╭─ EXERCISE MATERIALS

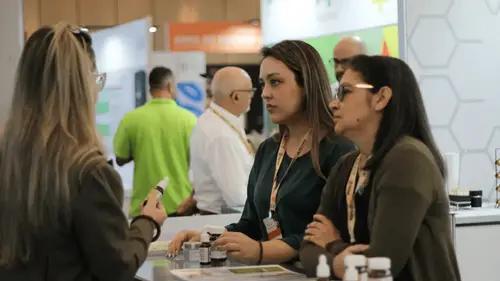 Encuentro profesional sobre cannabis reúne a farmacéuticos y dentistas para impulsar la ciencia y el networking
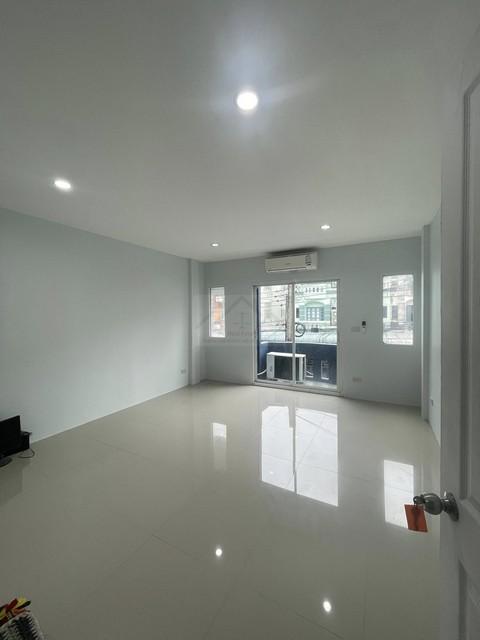 ให้เช่าทาวน์โฮม 3 ชั้น 22 ตรว. 4 ห้องนอน ซอยนวลจันทร์ 31 ใกล้ Central EastVille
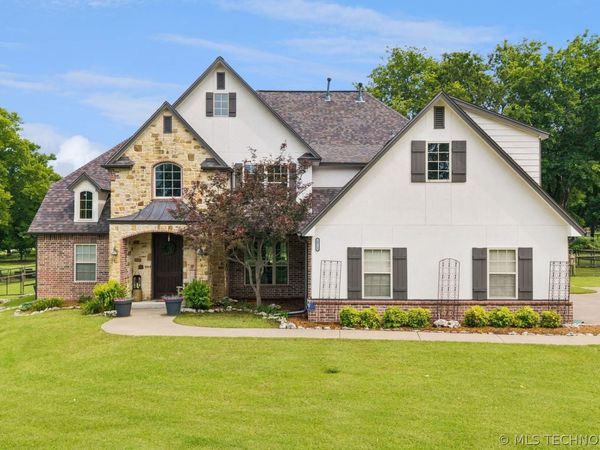 18722 E 79th Street North , Owasso, OK 74055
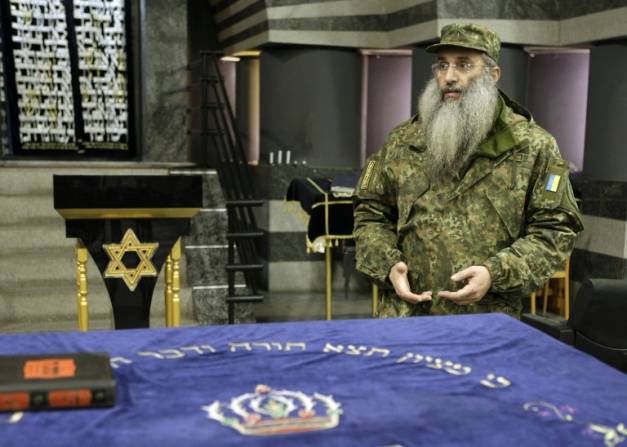Acher Tcherkasski dans une synagogue de Dnipropetrovsk en Ukraine, le 11 novembre 2015 ( AFP / ANATOLII STEPANOV )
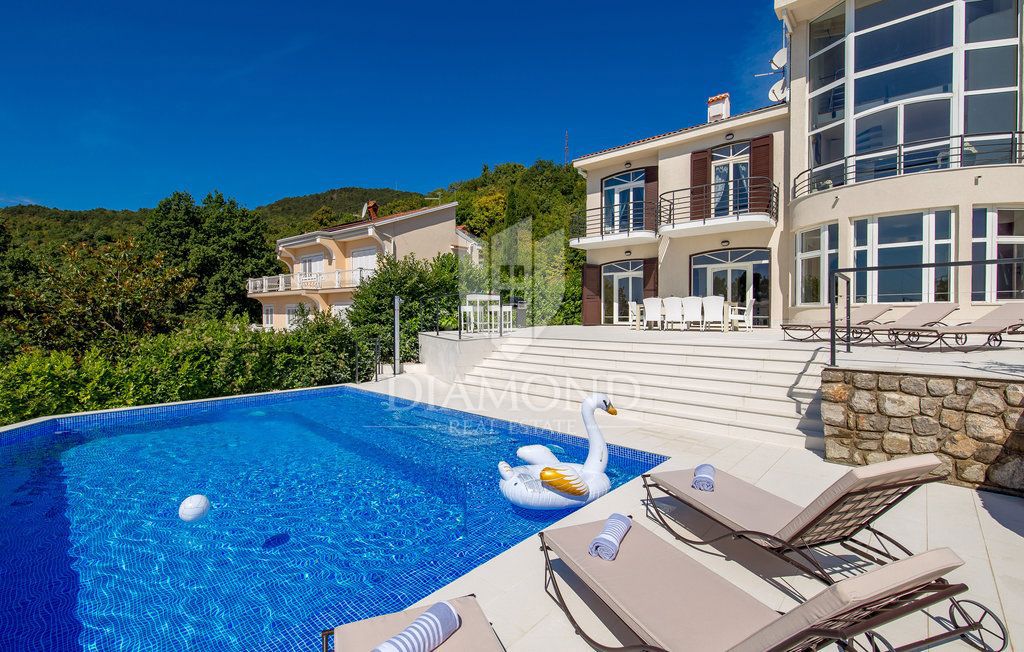 Opatija, okolica, luksuzna vila z bazenom in pogledom na morje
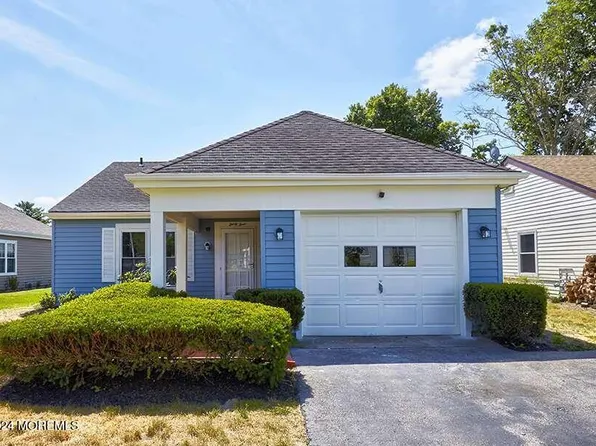 33 Sandhurst Street, Manchester, NJ 08759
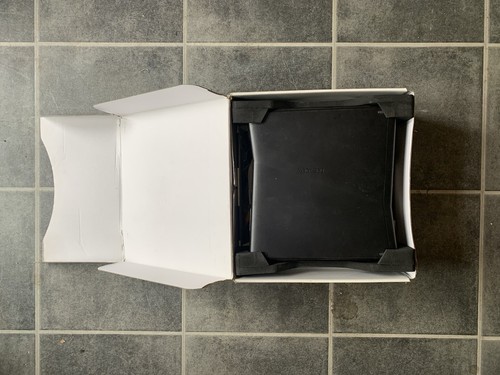 Boxed Microsoft Xbox 360 + Kinect 4GB Black Console (PAL) + Games (Barely Used) - Afbeelding 2 van 24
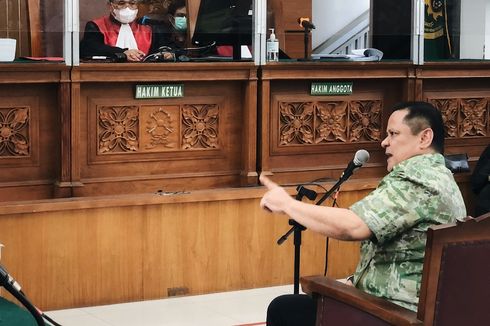 Jalani Sidang Perdana Pengeroyokan terhadap M Kece, Irjen Napoleon Klaim Tak Takut Dihukum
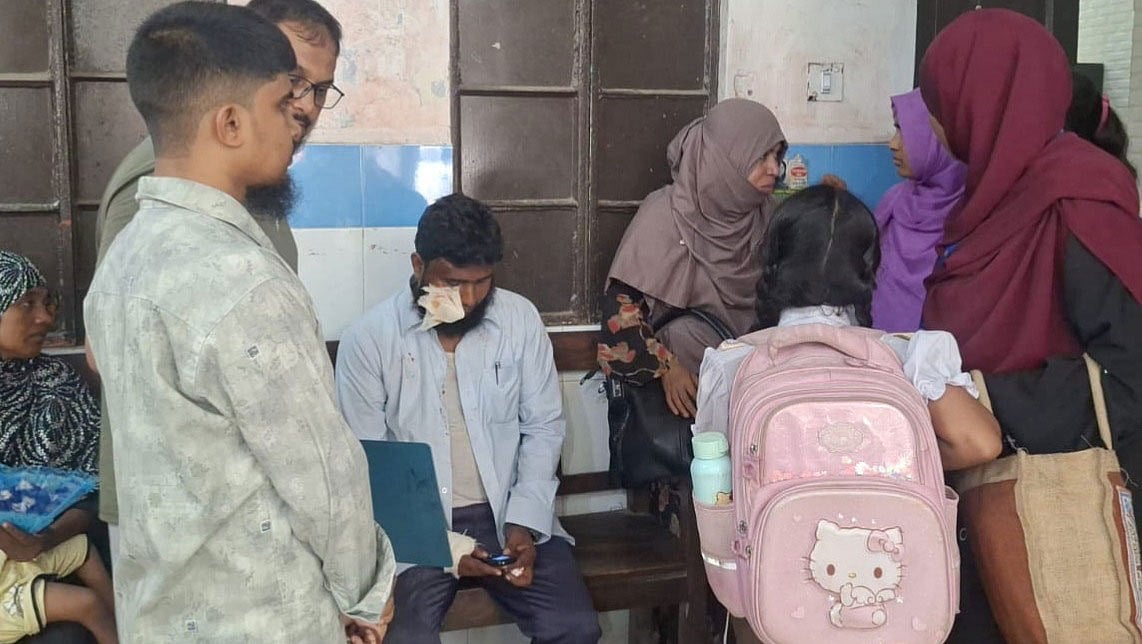 নড়াইলে বিদ্যালয়ে শিক্ষক ছুরিকাঘাতে আহত, অভিযুক্ত অফিস সহকারী পলাতক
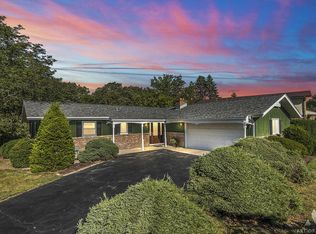 8147 Rosemere Ct, Willow Springs, IL 60480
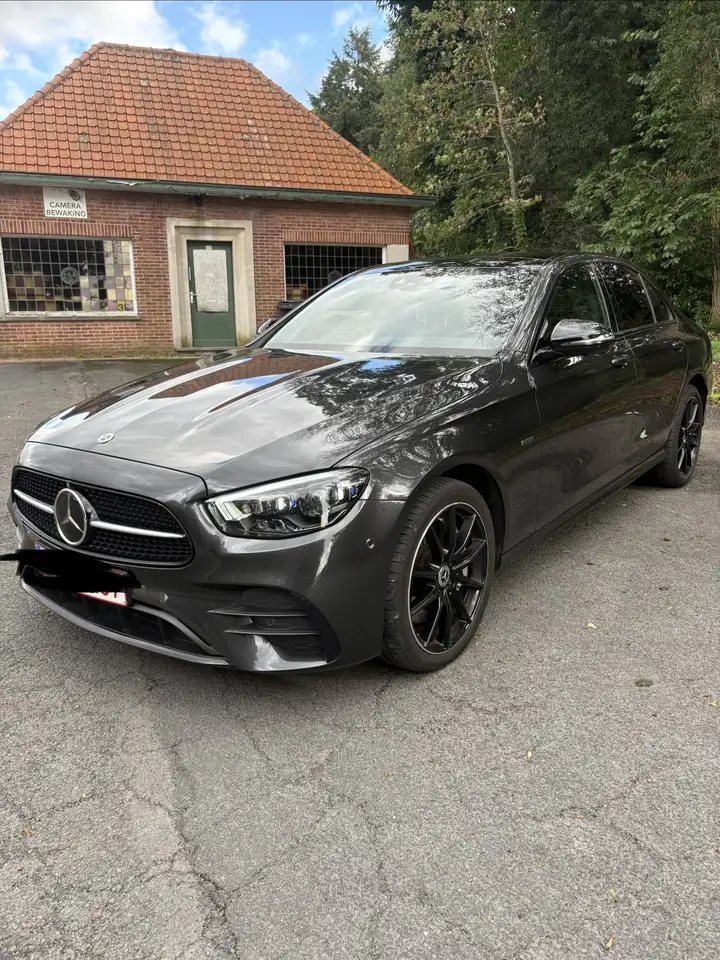 Mercedes-Benz E 300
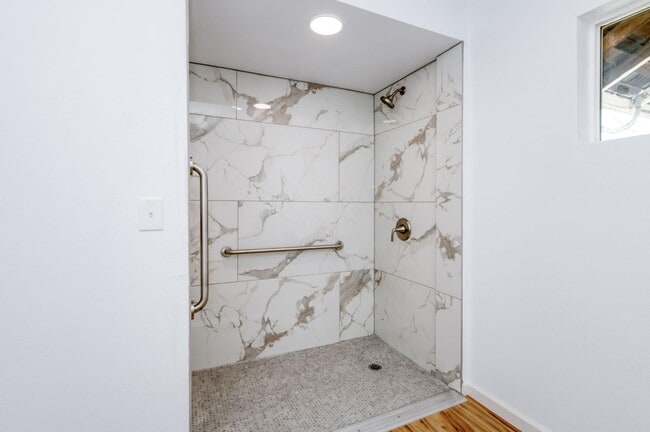 Building Photo - 12712 E McKinley Ave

╰─

**WORK INSTRUCTIONS:**
In the data above, find the line containing "Mercedes-Benz E 300", then output it and every later line exactly, without the pictures.

**ANSWER FOR THE TASK:**
 Mercedes-Benz E 300
 Building Photo - 12712 E McKinley Ave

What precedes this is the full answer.